Boletín de la Sociedad Geológica Mexicana

Volumen 72, núm. 3, A011119, 2020

http://dx.doi.org/10.18268/BSGM2020v72n3a011119

 

The Hatillo Limestone, Pueblo Viejo district, Dominican Republic: Marginal reef or impermeable cap?

 

La Caliza Hatillo, distrito de Pueblo Viejo, República Dominicana: ¿Un arrecife marginal o

capa impermeable?

 

Carl Nelson1,*, José Polanco2, Arturo Macassi2, Hugo Dominguez3, Joaquín Proenza4,

Lisard Torró5, David Rhys6, Manuel Iturralde-Vinent7

 

Recursos del Caribe, S.A., 2360 23rd Street Boulder, 80304, Colorado, United States.

Pueblo Viejo Dominicano Corp., Av. Lope de Vega No. 29, 10125, Santo Domingo, Dominican Republic.

Barrick International Ltd., Av. Lope de Vega No. 29, Santo Domingo 10125, Dominican Republic.

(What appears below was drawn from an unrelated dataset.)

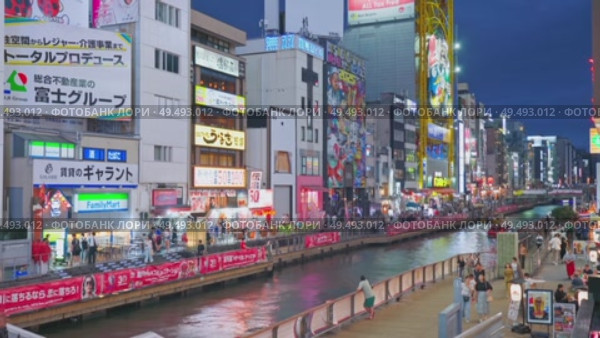 Osaka, Japan - Sep 22 2024, 4k, Panoramic view of Dotonbori river with a ship with tourists, a lot of people on embankment, there are a lot of advertising and illuminations on buildings, Osaka, Japan. Редакционное видео, видеограф Сергей Богомяко / Фотобанк Лори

Departament de Mineralogia, Petrologia i Geologia Aplicada, Facultat de Ciencias de la Tierra, Universitat de Barcelona, 08028, Barcelona, Spain.

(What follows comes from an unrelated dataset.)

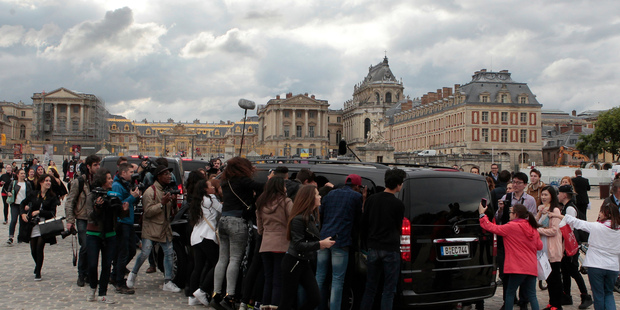 Fans look inside one of the cars for Kim Kardashian, Kanye West and their guests, at the entrance of the Chateau de Versailles in Versailles, France. Photo / AP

Geological Engineering Program, Faculty of Sciences and Engineering, Pontifical Catholic University of Peru, 15088, Lima, Peru.

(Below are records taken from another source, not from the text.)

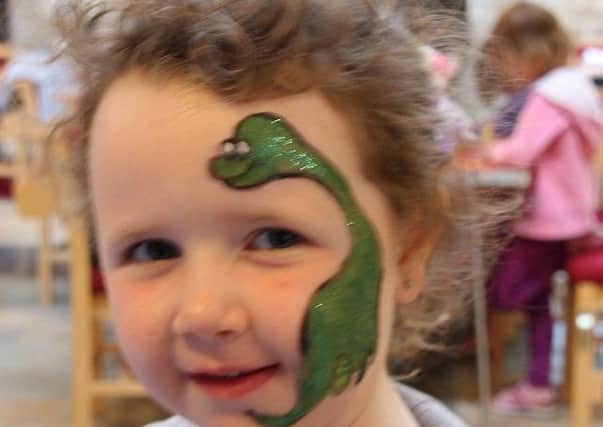 Looking T-riffic with dinosaur face paint PHOTO: Supplied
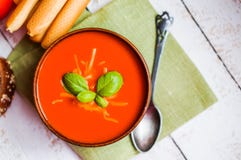 Sopa de Tomatoe com varas de pão e manjericão no fundo de madeira imagem de stock Sopa de Tomatoe com varas de pão e manjericão no fundo de madeira imagem de stock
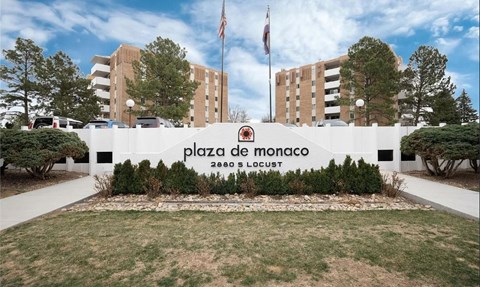 Plaza de Monaco sign in front of a building.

Panterra GeoServices Inc., 14180 Greencrest Drive, Surrey, B.C., V4P 1L9, Canada.

Academia de Ciencias de Cuba, No.460 entre Amargura y Teniente Rey, Habana Vieja, 259, La Habana, Cuba.

* Corresponding author: (C. Nelson) This email address is being protected from spambots. You need JavaScript enabled to view it.

 

How to cite this article:

Nelson, C., Polanco, J., Macassi, A., Dominguez,H., Proenza, J., Torró, L., Rhys, D., Iturralde-Vinent, M., 2020, The Hatillo Limestone, Pueblo Viejo district, Dominican Republic: Marginal reef or impermeable cap?: Boletín de la Sociedad Geológica Mexicana, 72 (3), A011119. http://dx.doi.org/10.18268/BSGM2020v72n3a011119

 

Abstract

The Hatillo Limestone and the underlying Los Ranchos Formation are exposed over an east-west distance of 100 km in the eastern Dominican Republic. The lowermost portion of the Hatillo Limestone in the Pueblo Viejo district contains a Late Lower Albian fossil assemblage including corals and rudist bivalves indicative of a near-shore reef environment. Diamond drilling in the Pueblo Viejo district and exposures in the open pits show that the Hatillo Limestone conformably overlies the Early Cretaceous Los Ranchos Formation. Volcanogenic massive sulfide beds, exposed in the Moore pit, provide evidence for an Early Cretaceous, syn-mineralization paleosurface. Altered and mineralized clasts in the epiclastic, sedimentary host-rock section at the Pueblo Viejo mine indicate that the ore deposits were open to erosion during hydrothermal alteration and mineralization. The Hatillo Limestone did not overlie the ore deposits during the mineralizing event and, consequently, could not have acted as an impermeable cap to ascending hydrothermal fluids. Intra-oceanic island arc volcanism (Los Ranchos Formation) overlapped at the Aptian–Albian boundary (112 Ma) with a marginal fringing reef (basal Hatillo Limestone). The marginal reef gradually gave way to deeper-water facies as Hatillo Limestone deposition progressed through the middle Albian. Low-angle reverse faulting, penetrative deformation, and metamorphic recrystallization affected the Hatillo Limestone as well as the Los Ranchos and Maimón formations during the Late Cretaceous. Deformation intensity and metamorphic grade progressed from incipient metamorphism in the Pueblo Viejo district to schists in the Maimón Formation to amphibolite near a faulted contact with the Loma Caribe peridotite.

Keywords: Caribbean tectonics, Early Cretaceous unconformity, Los Ranchos Formation, Cretaceous metamorphism, arc polarity reversal.